# PROVIDED DATA:
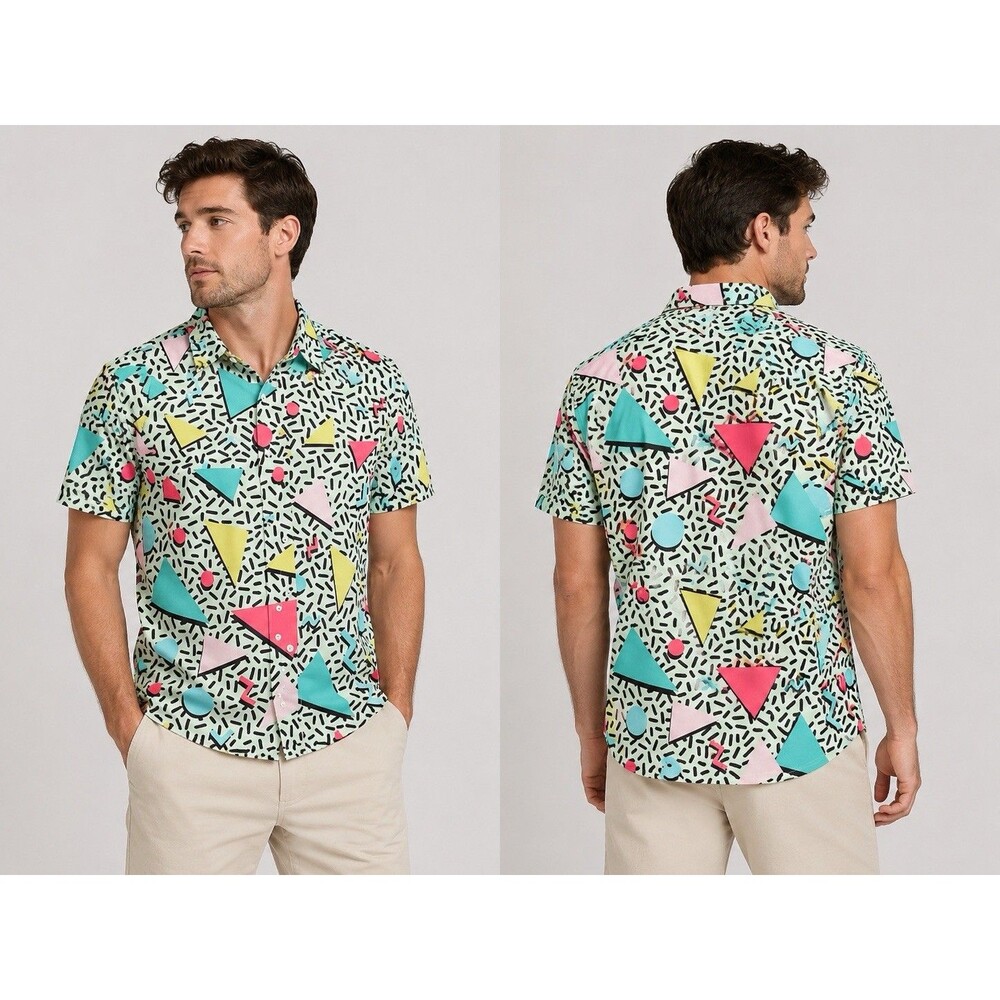 Retro 80s 90s Geometric Button Up Shirt Mens Large Abstract Memphis Style Camp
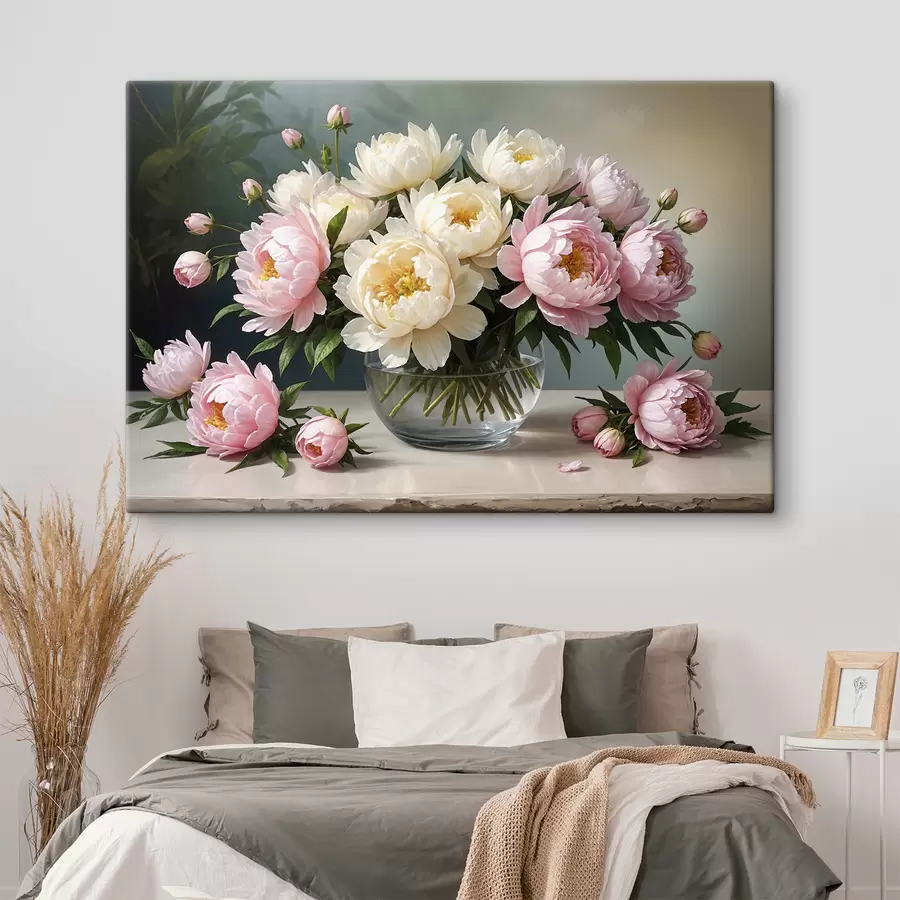 murales de pared Pintura de un ramo de hermosas peonías blancas y rosas en un jarrón de vidrio sobre una mesa de madera s38967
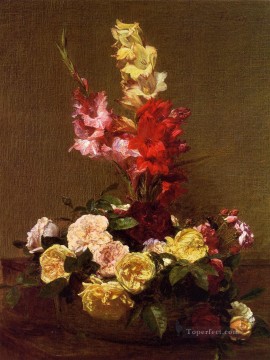 Henri Fantin Latour Painting - Gladiolas and Roses Henri Fantin Latour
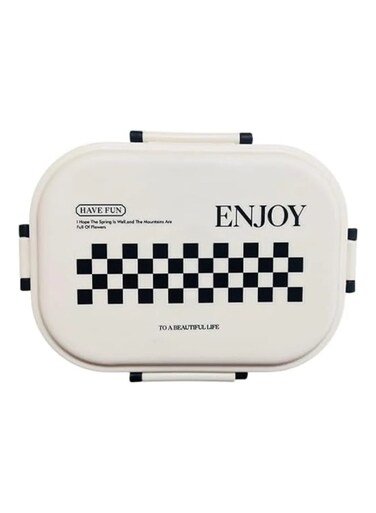 Enjoy Checkerboard Lunch Box with Spoon, Divided Compartments, White and Navy, Leakproof Bento Box for Work or School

# TASK OBJECTIVE:
The lines from the one containing "murales de pared" up to and including the last line of the material above are to be given again exactly; any pictures are dropped.

# ANSWER TO THIS EXERCISE:
 murales de pared Pintura de un ramo de hermosas peonías blancas y rosas en un jarrón de vidrio sobre una mesa de madera s38967
 Henri Fantin Latour Painting - Gladiolas and Roses Henri Fantin Latour
 Enjoy Checkerboard Lunch Box with Spoon, Divided Compartments, White and Navy, Leakproof Bento Box for Work or School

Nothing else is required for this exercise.